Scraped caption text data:
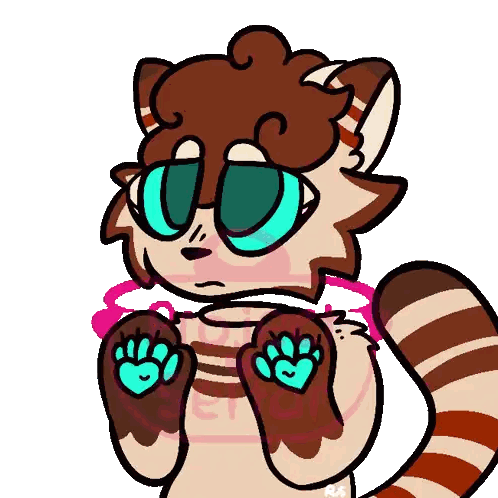A Cartoon Drawing Of A Cat With Green Eyes And Paws Sticker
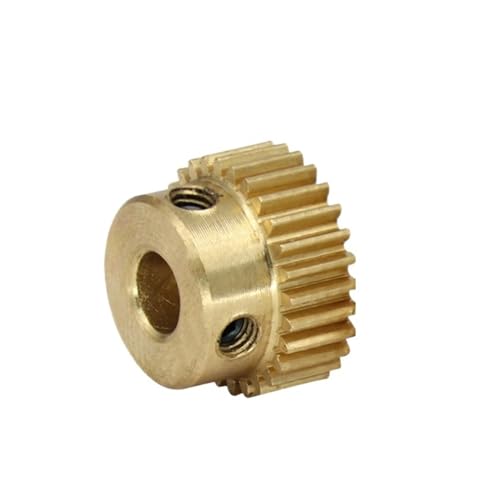 Bevel Gear Pinion Hardware Mechanical Spur Gear 0.5M-28T Bore Size 4/5/6mm Copper Brass Mini Worm Gear Teeth Height 5mm Total Height 10mm for Drive Gear Box Parts(6mm)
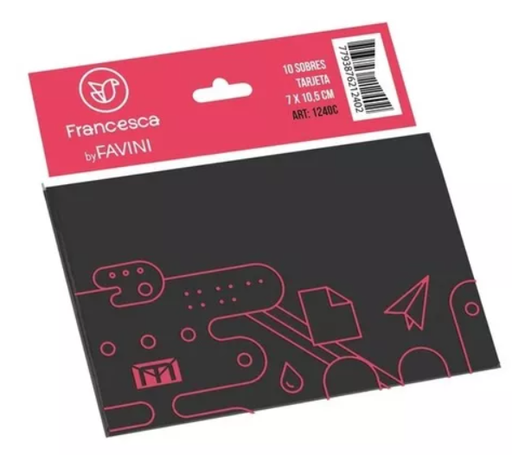 [1240NE] SOBRE MEDORO 1240 COLOR NEGRO 7X10.5 X10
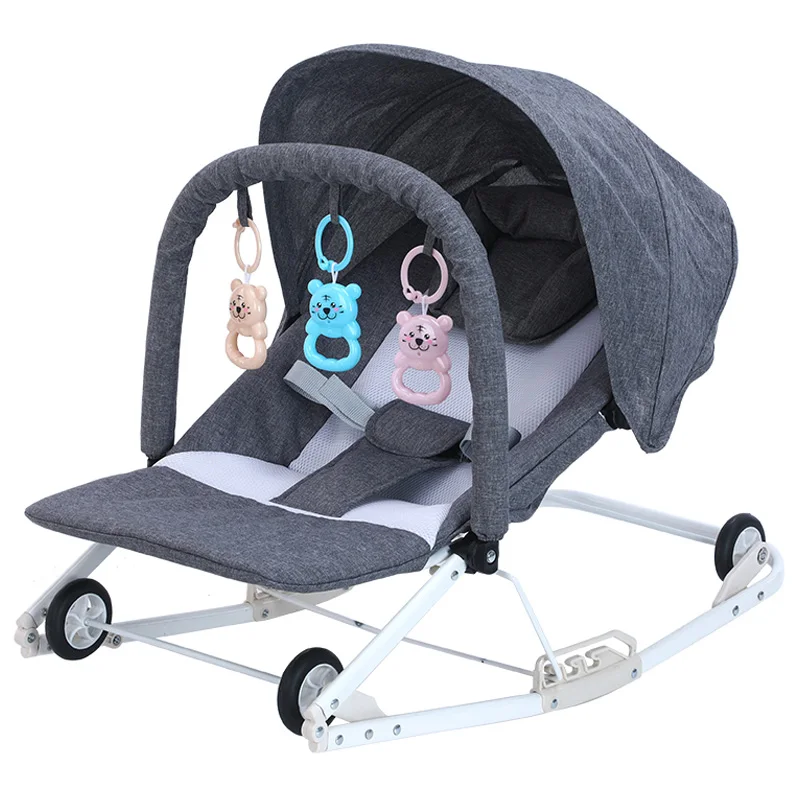 Foldable Infant Baby Products Swing Rocker Multifunctional Toddler Bouncer Chair With 4 Wheels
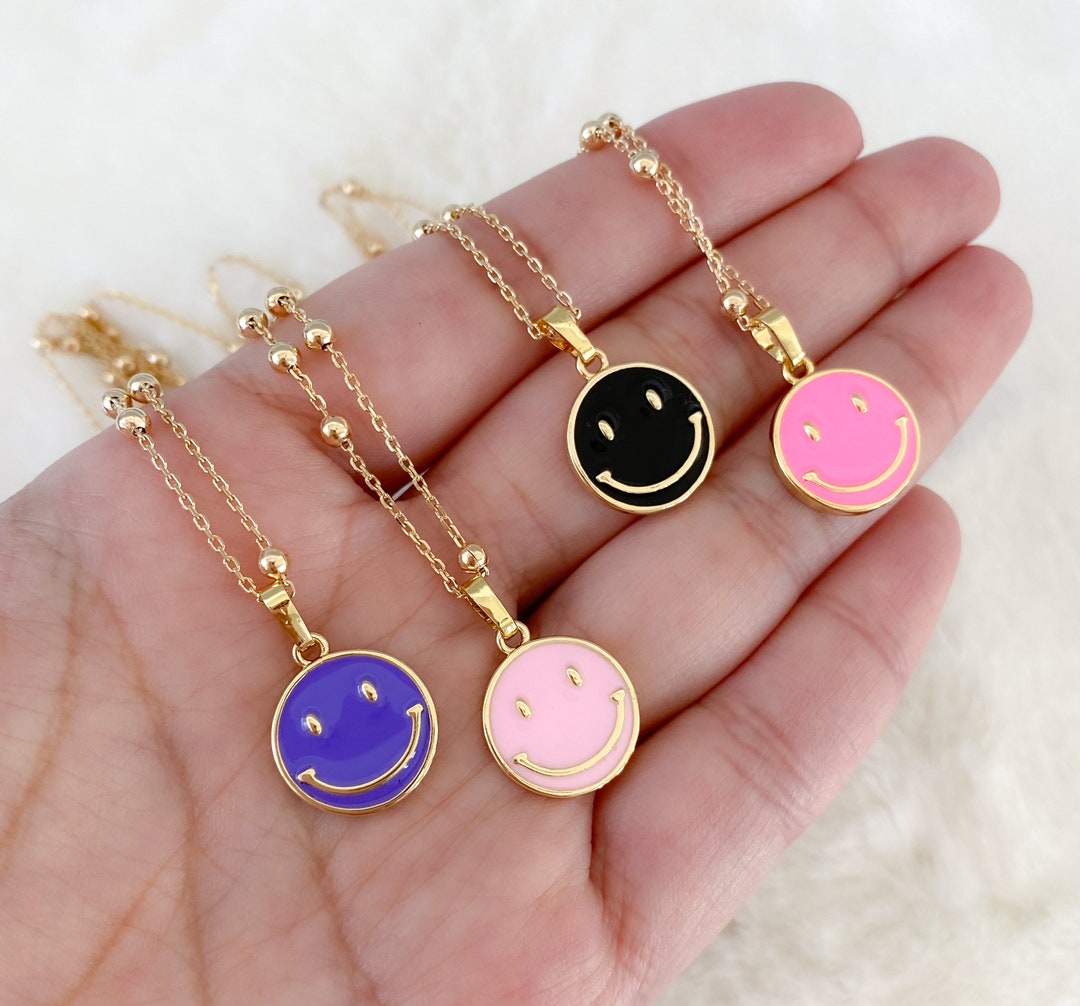 18k Gold Filled Smiley Face Necklace, Happy Face Necklace, Enamel
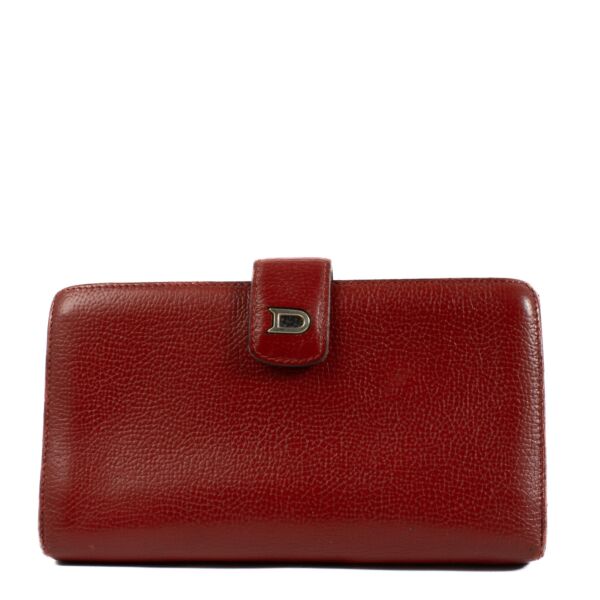 Delvaux Red Leather Long Wallet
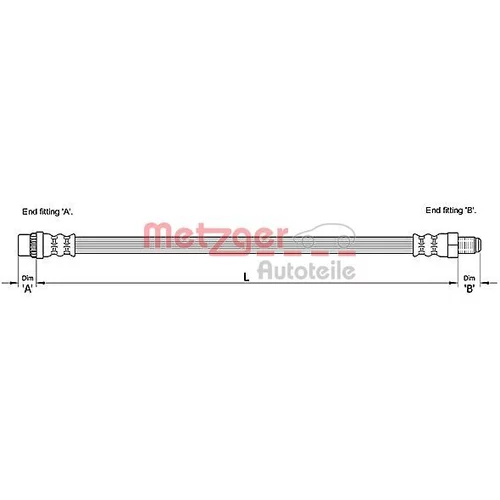 Brzdová hadica METZGER 4110263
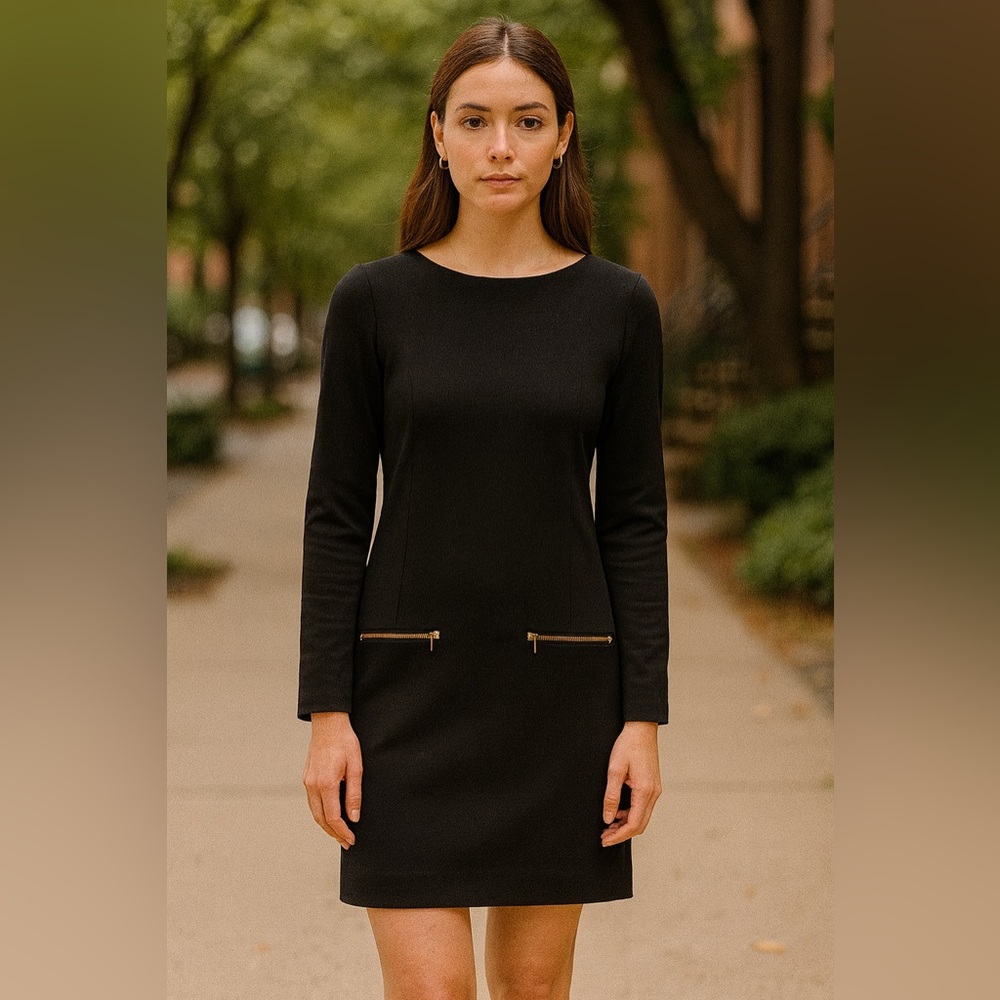 J. Crew Womens Size 2 Black Shift Dress Gold Zip Pockets Faux Leather Arm Patch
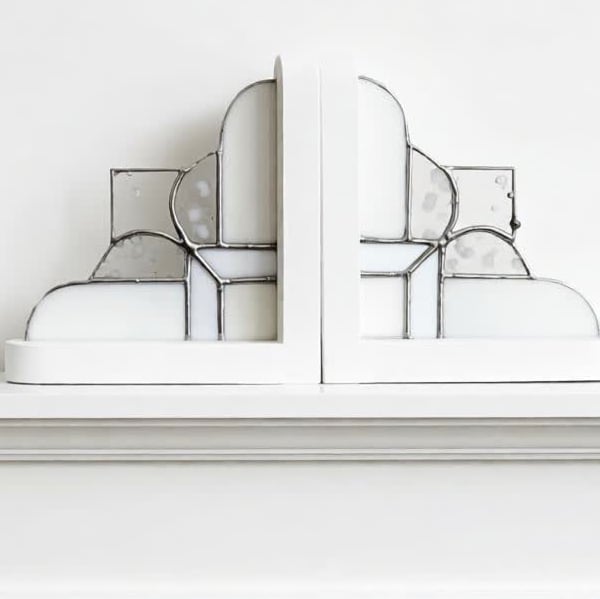 White Snowy Stained Glass Bookends Art Deco Style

Assignment - Write out the lines of the entries above exactly, beginning with the first and ending with the line that contains "[1240NE] SOBRE MEDORO". No picture goes in.

Written answer -
A Cartoon Drawing Of A Cat With Green Eyes And Paws Sticker
 Bevel Gear Pinion Hardware Mechanical Spur Gear 0.5M-28T Bore Size 4/5/6mm Copper Brass Mini Worm Gear Teeth Height 5mm Total Height 10mm for Drive Gear Box Parts(6mm)
 [1240NE] SOBRE MEDORO 1240 COLOR NEGRO 7X10.5 X10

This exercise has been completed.